Nassim N. Taleb, Daniel G. Goldstein, and Mark W. Spitznagel discuss risk management and short comings in approaches in the October 2009 issue of the Harvard Business Review (subscription required).

They offer up six mistakes in the way we think about risk:

1.  We think we can manage risk by predicting extreme events.
2.  We are convinced that studying the past will help us manage risk.
3.  We don’t listen to advice about what we shouldn’t do.
4.  We assume that risk can be measured by standard deviation.
5.  We don’t appreciate that what’s mathematically equivalent isn’t psychologically so.
6.  We are taught that efficiency and maximizing shareholder value don’t tolerate redundancy.

Black Swan events – low-probability, high-impact events that are almost impossible to forecast— are increasingly dominating the economic environment. The world is a complex system, made up of a tangled web of relationships and other interdependent factors.  Complexity makes forecasting even ordinary events impossible. So, complexity increases the incidence of Black Swan events as we have a harder time seeing the relationship and connection. All we can predict is that Black Swan events will occur and we won’t expect them.

The authors propose a different approach to risk management:

“Instead of trying to anticipate low-probability, high-impact events, we should reduce our vulnerability to them. Risk management, we believe, should be about lessening the impact of what we don’t understand—not a futile attempt to develop sophisticated techniques and stories that perpetuate our illusions of being able to understand and predict the social and economic environment.”

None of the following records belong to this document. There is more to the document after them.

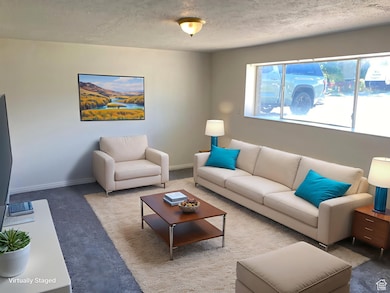 Carpeted living room with a textured ceiling and baseboards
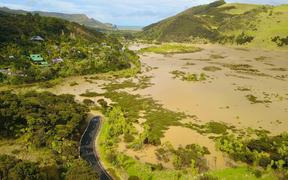 Residents of Te Henga Bethells Beach have no access to the only road out of the area after flooding in the area.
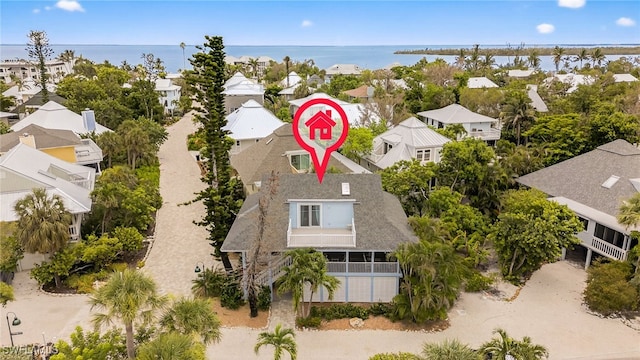 33 Urchin Ct, Captiva, FL 33924 - aerial view of residential area featuring a large body of water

The authors end up equating risk to ancient mythology:

“Remember that the biggest risk lies within us: We overestimate our abilities and underestimate what can go wrong. The ancients considered hubris the greatest defect, and the gods punished it mercilessly. Look at the number of heroes who faced fatal retribution for their hubris: Achilles and Agamemnon died as a price of their arrogance; Xerxes failed because of his conceit when he attacked Greece; and many generals throughout history have died for not recognizing their limits. Any corporation that doesn’t recognize its Achilles’ heel is fated to die because of it.”

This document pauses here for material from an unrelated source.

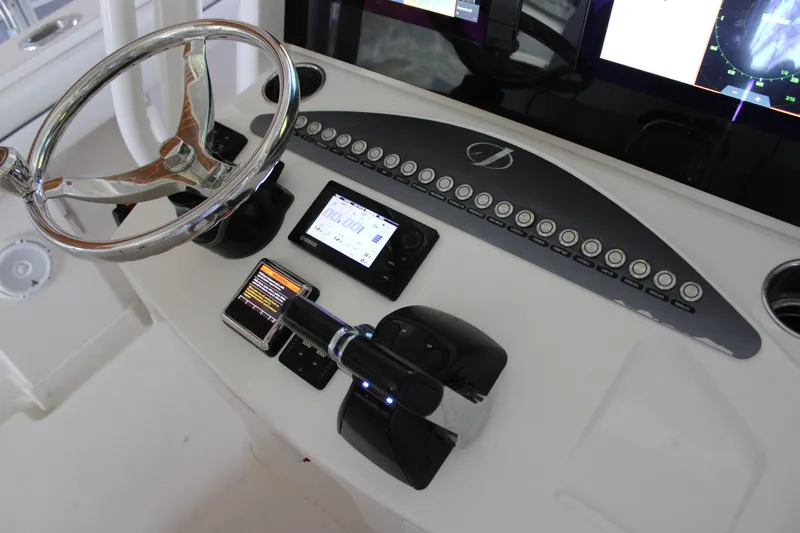 Yacht Photos Pics Control panel of a 2018 Jupiter 30 HFS boat with steering wheel and electronic displays.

That is a bit lofty for my tastes. After all, the danger of the black swan is that you don’t know that you don’t know about that risk. If you know about a risk, you can deal with it. If you know that you don’t know about risk, you can manage that also. It’s hard to be a victim of hubris when you don’t know the danger for your downfall even exists.

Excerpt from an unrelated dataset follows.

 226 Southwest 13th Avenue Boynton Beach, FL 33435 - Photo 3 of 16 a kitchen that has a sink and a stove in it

Nassim N. Taleb is the Distinguished Professor of Risk Engineering at New York University’s Polytechnic Institute and a principal of Universa Investments, a firm in Santa Monica, California. He is the author of several books, including The Black Swan: The Impact of the Highly Improbable. Daniel G. Goldstein is an assistant professor of marketing at London Business School and a principal research scientist at Yahoo. Mark W. Spitznagel is a principal of Universa Investments.